Apart from their role in forensic anthropology, RE and RP represent a diagnostic and therapeutic challenge in clinical dentistry, particularly in oral surgery, endodontics and periodontology. First, these roots are prone to fracture during the extraction of the tooth. Second, they may be the cause of endodontic treatment failure if not identified, properly instrumented and filled. Third, their presence may contribute to localised periodontal destruction, which is probably related to the increased complexity of furcation morphology [13]. As a result of all these factors, three-rooted MFMs are lost in significantly younger patients than their two-rooted counterparts [8].
Knowledge of the morphological characteristics of three-rooted MFMs is essential for improving the success rate of various treatments and reducing the frequency of procedural complications.
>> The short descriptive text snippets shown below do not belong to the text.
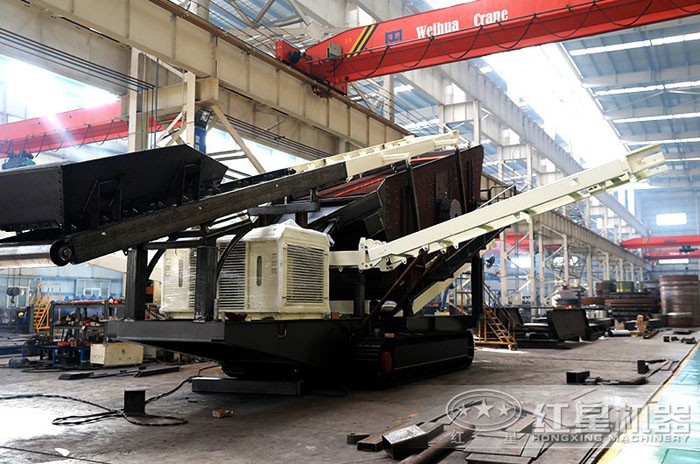 移動(dòng)石頭破碎機(jī)車(chē)間生產(chǎn)中 移動(dòng)石頭破碎機(jī)車(chē)間生產(chǎn)中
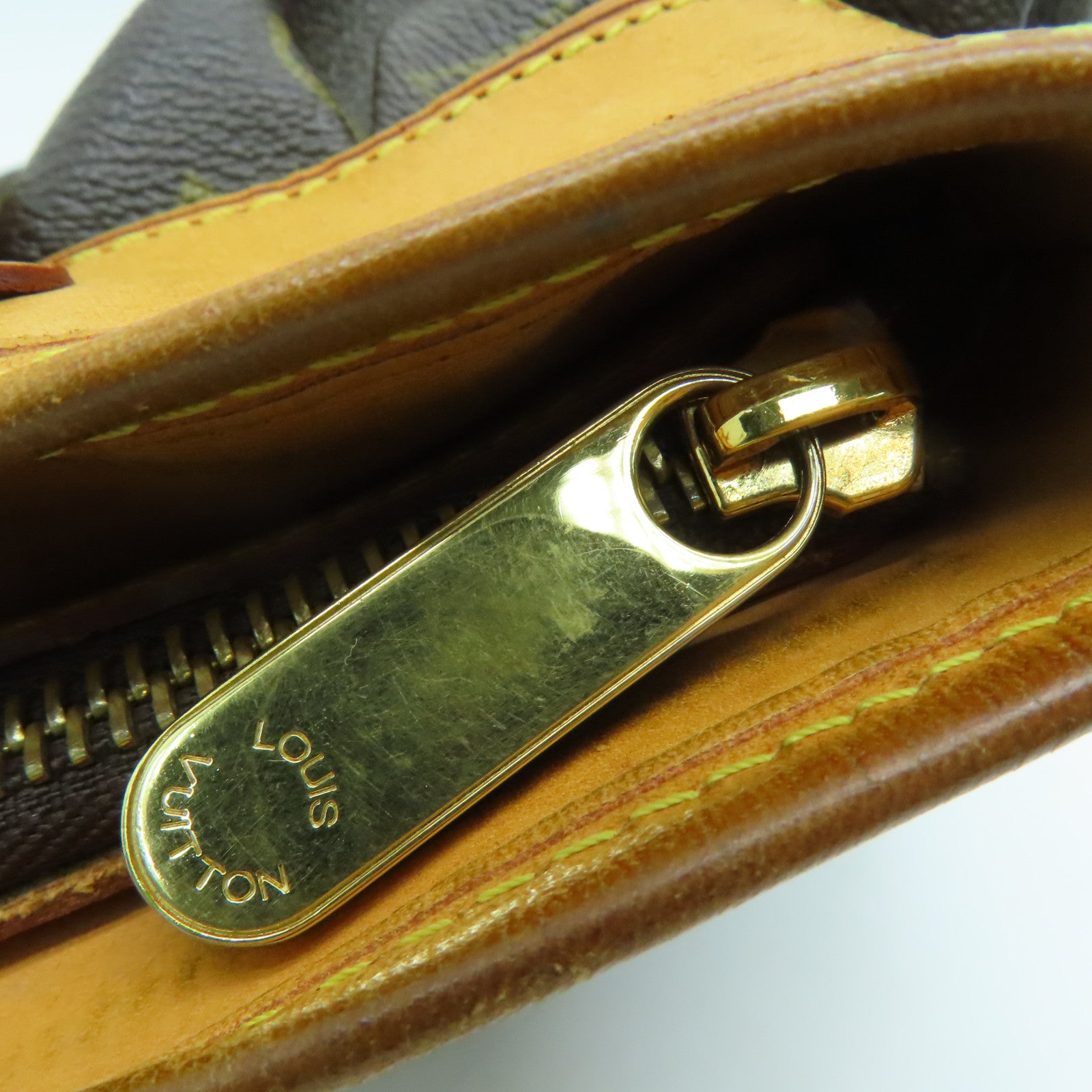 LOUIS VUITTON Monogram Boetie PM金扣手挽袋/肩背袋啡色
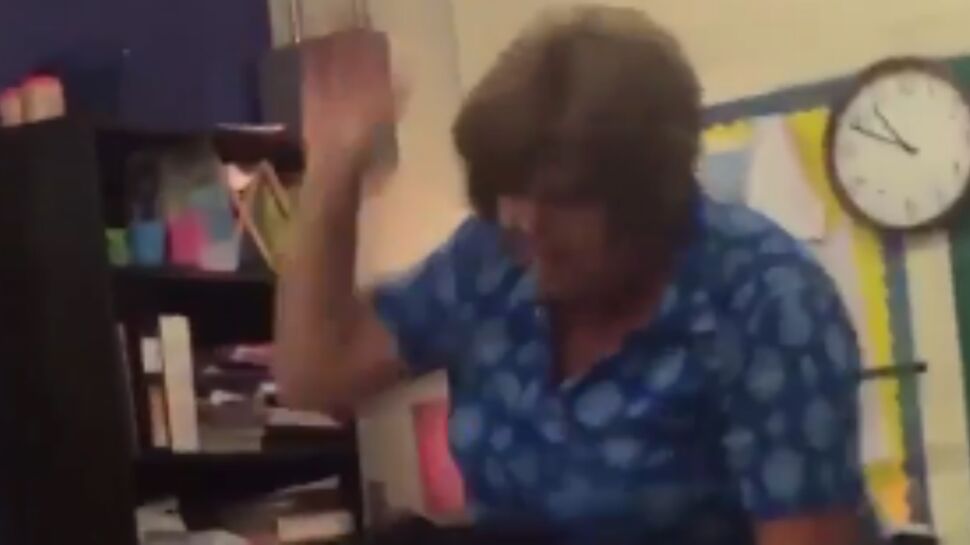 (VIDEO) Texas : une enseignante frappe violemment un élève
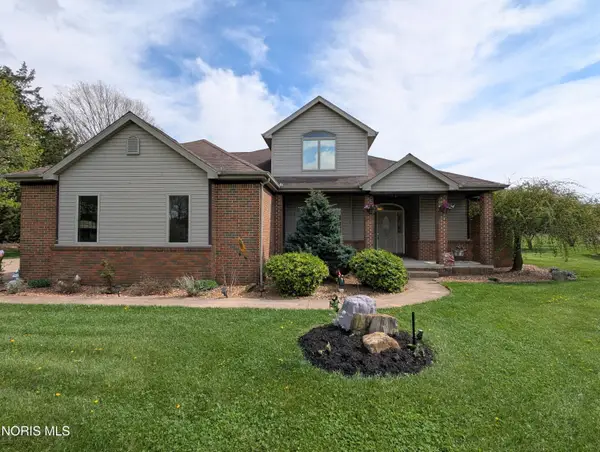 19079 W Orchard Drive, Elmore, OH 43416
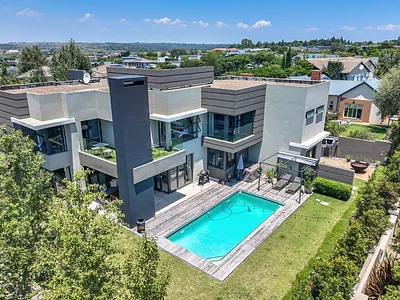 5 Bedroom House For Sale in Centurion - OcAa.webp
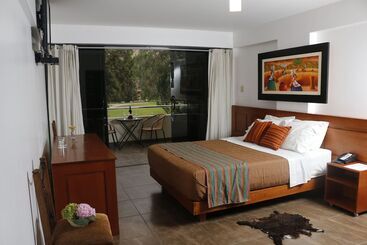 Kankay Hotel & Centro De Convenciones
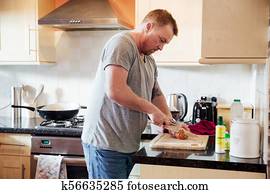 homem, corte, cebolas, para, um, bolonhês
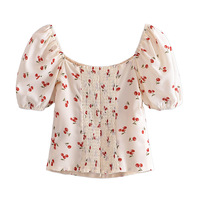 Camiseta con estampado de cerezas pequeñas personalizada, top sexy con cuello cuadrado pequeño, top corto de manga abombada, ropa elegante para niña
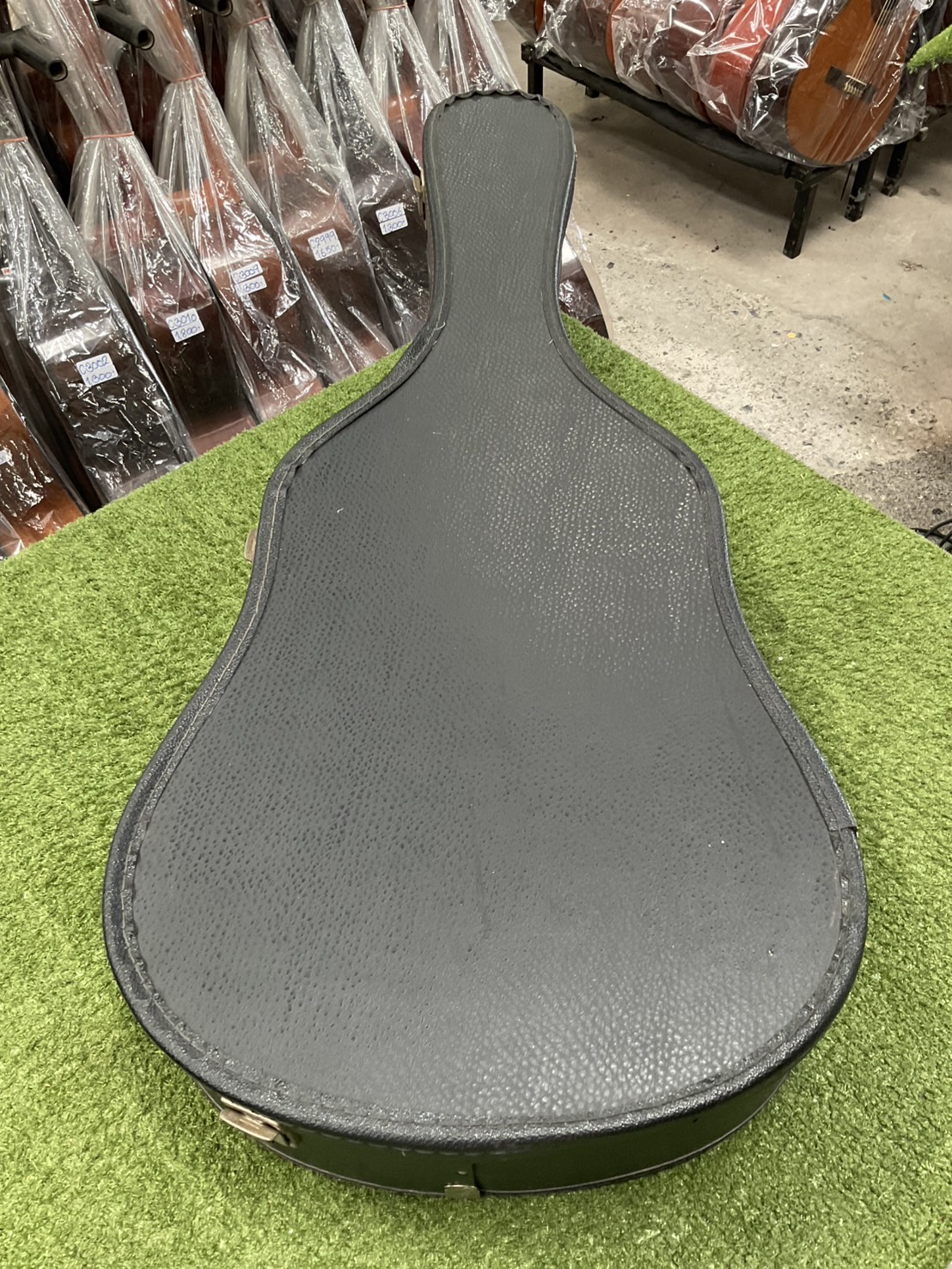 กล่องเคสกีต้าร์คลาสสิค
In the previous decade, cone-beam computed tomography (CBCT), spiral computed tomography (SCT) and micro-computed tomography (micro-CT) have been used to analyse several morphometric aspects of such teeth, including pulp chamber geometry, root canal configuration, root canal curvature and odontometric variables [9, 10, 16, 20, 25]. However, until now, few studies have addressed the morphology of three-rooted MFMs in European populations [4, 5, 16]. Thus, this study aimed to analyse the morphometric aspects of the external and internal anatomy of three-rooted MFMs extracted from dental patients in Slovenia.
MATERIALS AND METHODS
Extracted teeth
The Faculty of Medicine of the University of Ljubljana houses a collection of extracted teeth donated by Slovene dentists. The collection presently includes 17 three-rooted MFMs (11 right and 6 left). All of them have a lingually-located supernumerary root (RE). The teeth and their supernumerary roots were identified by the present authors. For most teeth, there was no data on the patients’ gender, age, ethnic background, and the reasons for extractions.
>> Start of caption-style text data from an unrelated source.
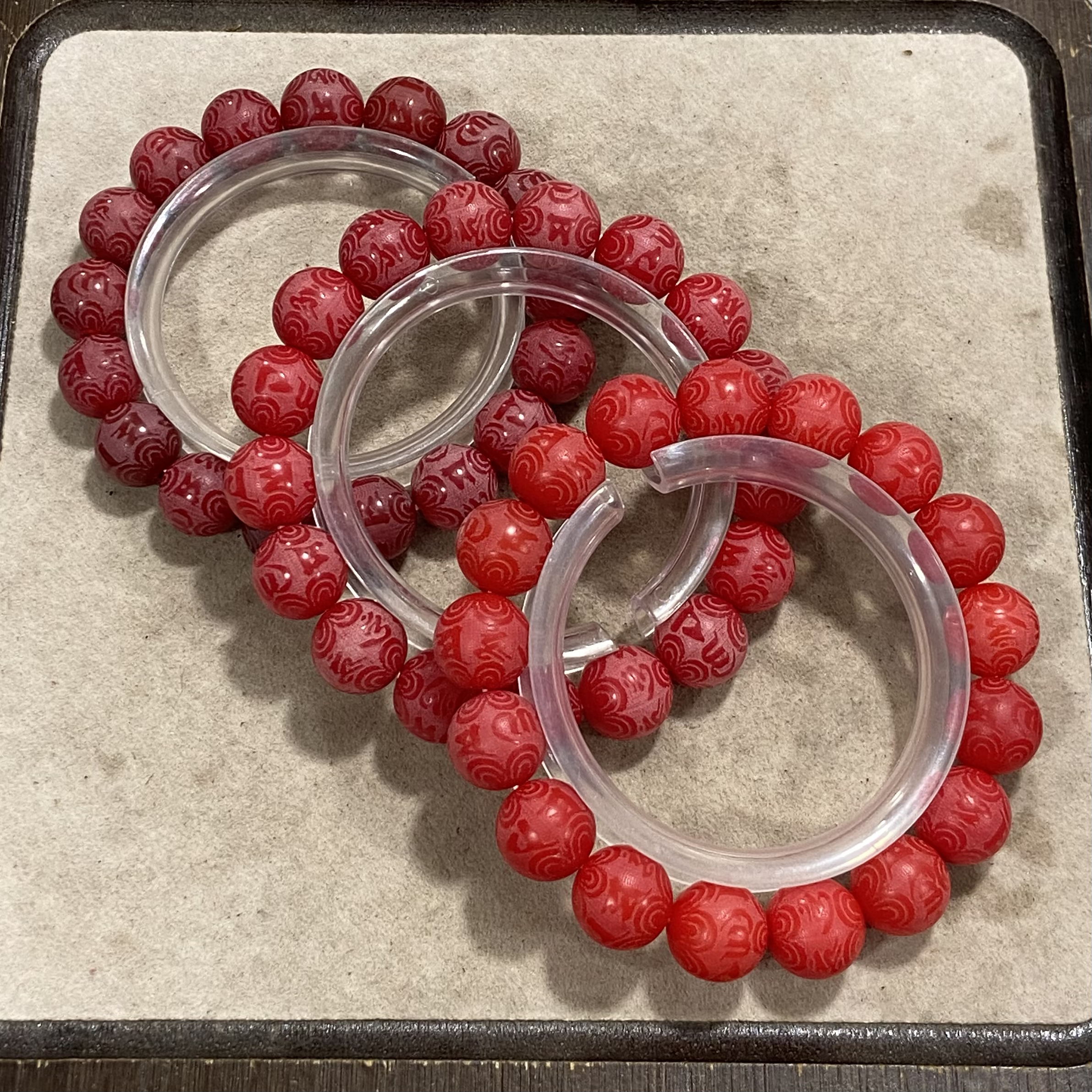 P107红菩提回纹雕刻珠卡1.2单圈手串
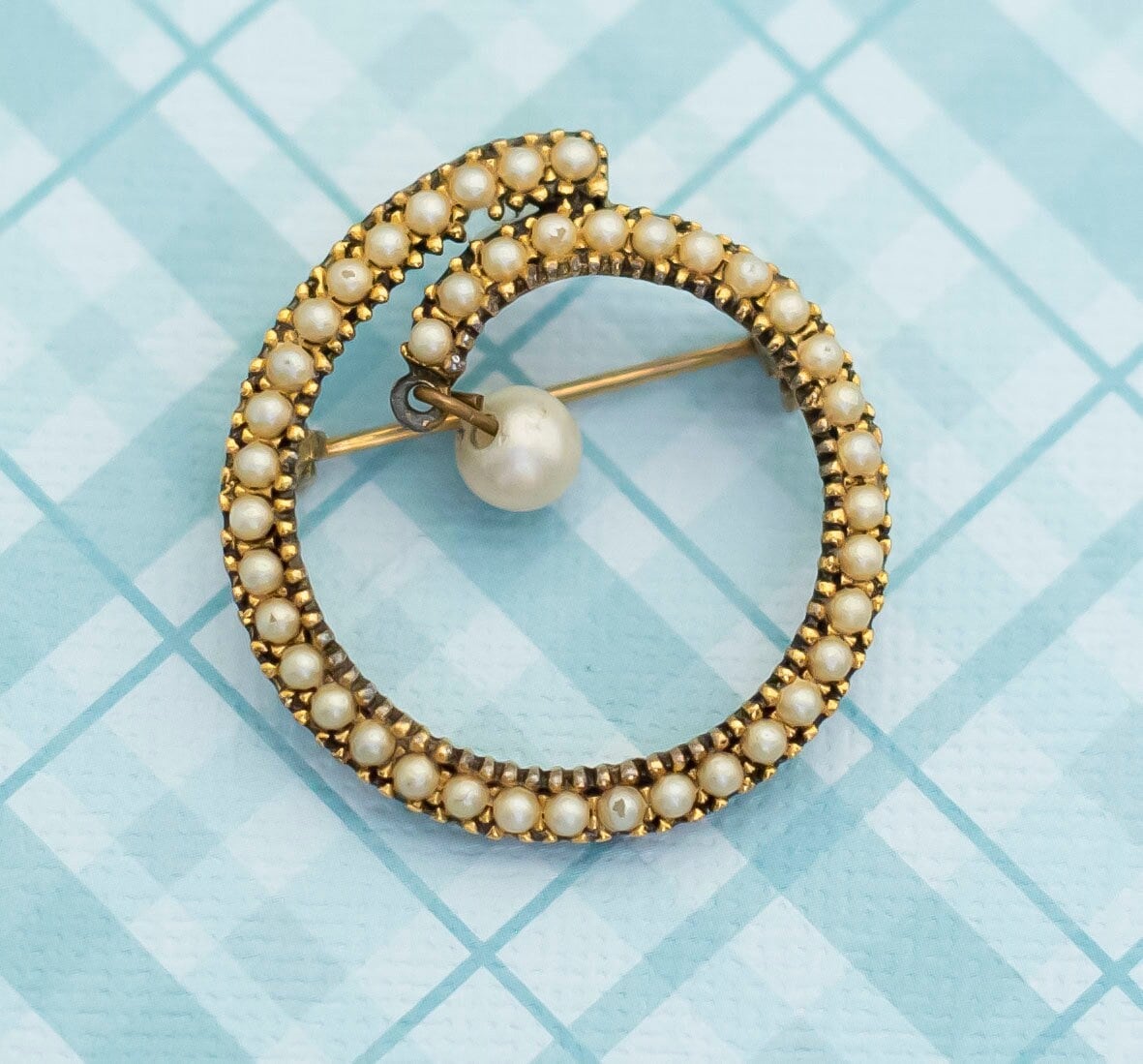 Goldene Millipearl Brosche - L4 von LuckyvintagefindsUS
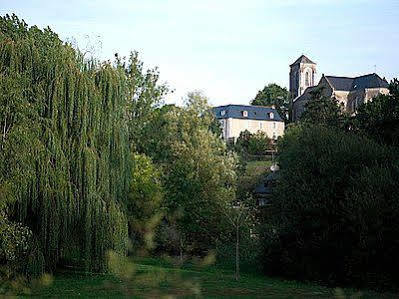 Châteaubriant Logis Hotel Le Prieure Des Gourmands מראה חיצוני תמונה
Macroscopic analysis of the external dental morphology
The following observations and measurements were recorded:
All measurements were made with a digital calliper with a resolution of 0.01 mm (ABS Digimatic, Mitutoyo, Japan).
CBCT analysis of the internal dental morphology
The CBCT images of the extracted teeth were taken with a Veraviewepocs 3D R100 device (Morita, Kyoto, Japan). The operating parameters were 8 mA, 90 kV, field of view 42.6 mm × 43.0 mm, slice thickness 1.0 mm, and voxel size 0.125 mm3. The obtained images were analysed using i-Dixel One Volume Viewer 2.0.0 software (Morita, Kyoto, Japan).
The following observations and measurements were recorded:
Data analysis
All measurements were made independently by both authors, and the average was used for data analysis. A t test was applied to examine any statistically significant difference between the lengths of both main roots and RE, between the levels of mesio-distal and distal furcations, and between the RE canal curvature in CV and PV. A p-value of < 0.05 was considered significant.
Literature search
A literature search for articles on MFMs with RE published until August 2019 was conducted using a PubMed database search. The following keywords were used: ‘three-rooted mandibular first molar’, ‘radix entomolaris’, ‘disto-lingual root’, ‘additional distal root’, and ‘extra distal root’. Papers were retrieved and screened for three-dimensional (3D) pictures of MFMs with RE (photographs of extracted teeth and 3D reconstructed CBCT, SCT and micro-CT images of teeth). Cases of teeth depicted only two-dimensionally (periapical radiographs, CT slices) were excluded. Reference lists were checked to identify any other relevant articles.
On the selected pictures, the following observations were recorded:
All pictures were independently evaluated by both authors. Disagreements were resolved by joint evaluation.
RESULTS
Macroscopic analysis of the external dental morphology
We were able to sort the examined teeth into types A (n = 16) and AC (n = 1) defined by Carlsen and Alexandersen [4]. In type A, the cervical part of the RE was fused with the DR, whereas in type AC the RE was located exactly midway between the MR and DR (Fig. 2). The only tooth with AC morphology was extracted from a 22-year-old female patient of Slovene origin after unsuccessful endodontic treatment. It was undoubtedly an MFM, since all three mandibular molars were present in the tooth row before extraction.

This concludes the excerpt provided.